The Waqf (Amendment) Act has been challenged in the Supreme Court by several individuals and organisations. In an interview with The Indian Express, former Union minister and BJP leader Mukhtar Abbas Naqvi backs the law, saying India is a country of reforms and that the Waqf system needed reform, and that the amendments brought by the government rectify problems administratively without encroaching on matters of faith. Excerpts:
The amendment is an administrative reform and not a religious one. Only those who thought they had a legal licence to loot are scared of this correction. The law does not pertain to any community but is the law of the land, whose beneficiaries will include Waqf stakeholders, including Muslims.
Some people are trying to communalise it (the Act) by creating an imaginary legal confusion and want communal conflict by creating fear.
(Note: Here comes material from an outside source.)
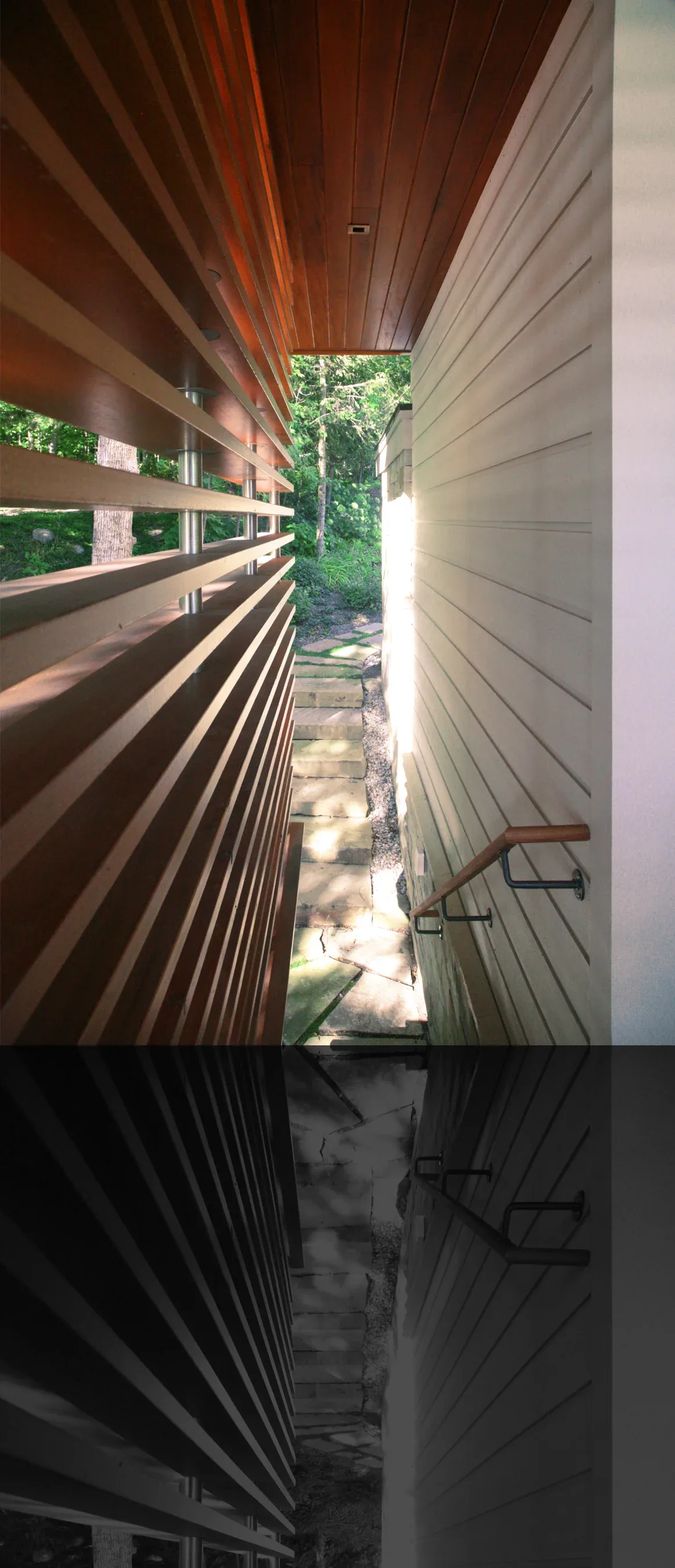 Narrow outdoor passageway with wood slatted wall and white siding featuring stone paving steps and a handrail.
Everyone must understand that India is a nation of reform, and has seen many kinds of reforms – be it social, economic, administrative, electoral, educational, agricultural or health – before and after Independence.
We are not a closed country with a touch-me-not approach to legislation. They tried to make the entire system of Waqf a touch-me-not one. This approach is neither in national interest nor in the interest of society. The idea (of the Act) is to bring the system within the Constitutional hierarchy to benefit stakeholders.
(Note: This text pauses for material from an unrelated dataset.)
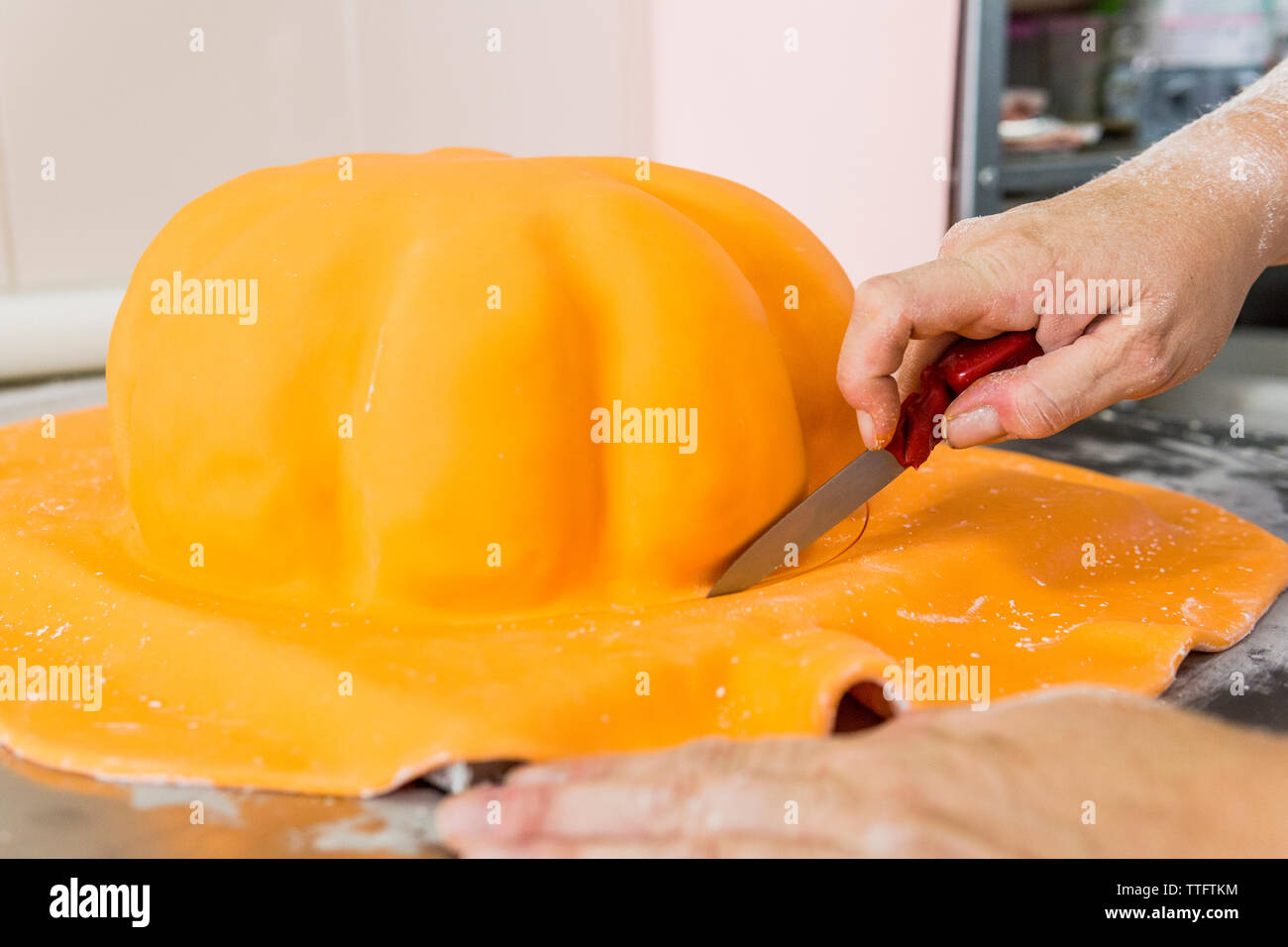 Chef pâtissier la coupe de pâte à sucre un gâteau avec une forme de citrouille Banque D'Images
People must understand that when they talk about (land going back to) 1913, baat niklegi to door talaq jaayegi (a lot of other things will come up).
The Judicial Committee of the British Privy Council held in 1894-95 that this is a system of the worst kind. Countries under British rule then reformed their Waqf systems. I was Union Minority Affairs minister for a long time and studied this issue in depth.
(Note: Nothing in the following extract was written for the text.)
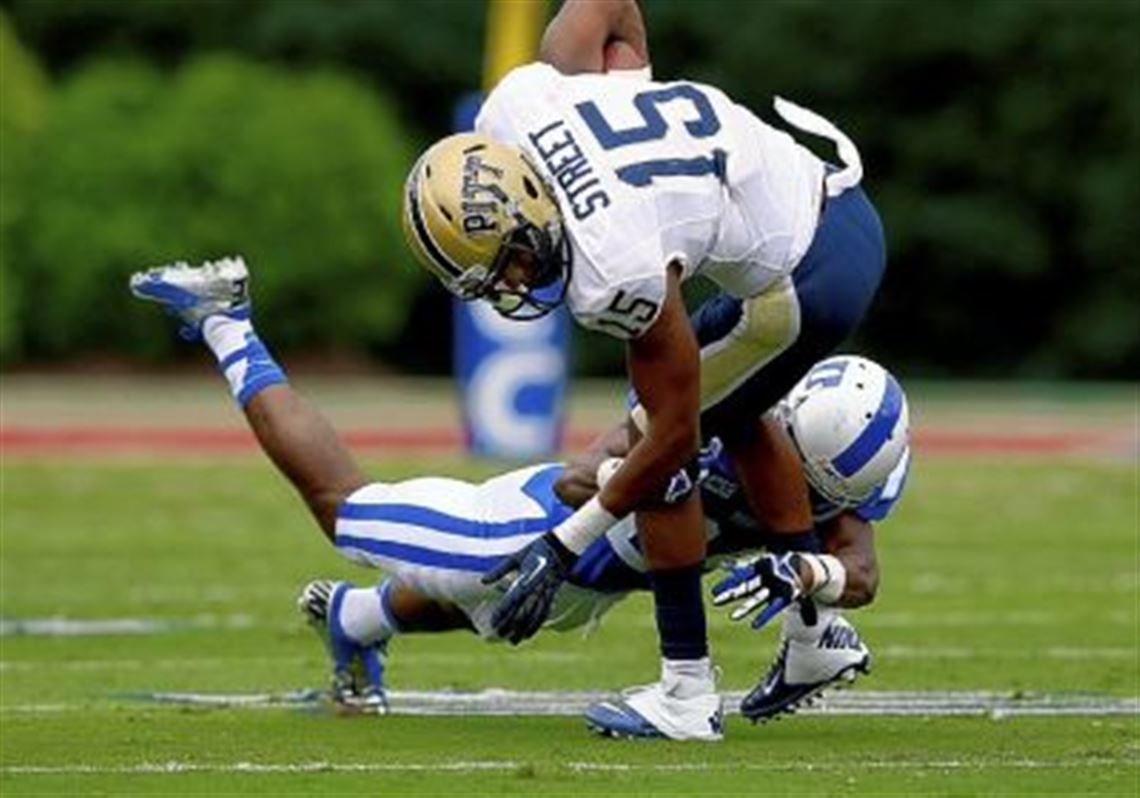 Devin Street is tackled by Duke's Garett Patterson Saturday after making a reception.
In India, the Muslim League went for communal polarisation. They politically exploited the issue. In 1910, (Muhammad Ali) Jinnah became a member of the Imperial Legislative Council from Bombay in connivance with the British. The 1913 Act was a product of Jinnah’s connivance with the British… Even in Pakistan, the Waqf system has been reformed in 1959, 1960, etc.
They claim Hindus have been included in the Waqf Council and Waqf boards, but we need to understand that after Partition, Muslims went to Pakistan in large numbers while Hindus and Sikhs came to India in large numbers. The Muslims who chose to leave India left their properties behind, while those Hindus and Sikhs who chose India left theirs in Pakistan. The Muslims (in Pakistan) were allowed to occupy the vacant properties, and today own them. But Hindus who chose India are neither owners nor tenants of those properties that the Muslims left behind. A sword constantly dangles over their heads. Hence, non-Muslims are also stakeholders in the Waqf system.
(Religious) conversions are dangerous, particularly if they are forced, taken up by fraudulent means or are funded. When one speaks about tribals, they should ask for whom the Waqf system exists? It is for Muslims and only those practising Islam can do Waqf.
As I said earlier, non-Muslims are also stakeholders in the Waqf system as they left everything they owned in Pakistan. Their stakes need to be respected. People in many states say things like… ‘We got this shop in 1949 when our family came to India from Pakistan, but I still get notices and have to pay hafta to retain them’. So, legal correction is the need of the hour.
Please remember that people have been claiming half the country’s property as Waqf. They say Parliament, roads, fields, trees and rivers are Waqf properties. This kind of criminal anarchy needed to be remedied by bringing it within the bounds of the Constitution. Faith is protected under the law but administrative problems need to be addressed.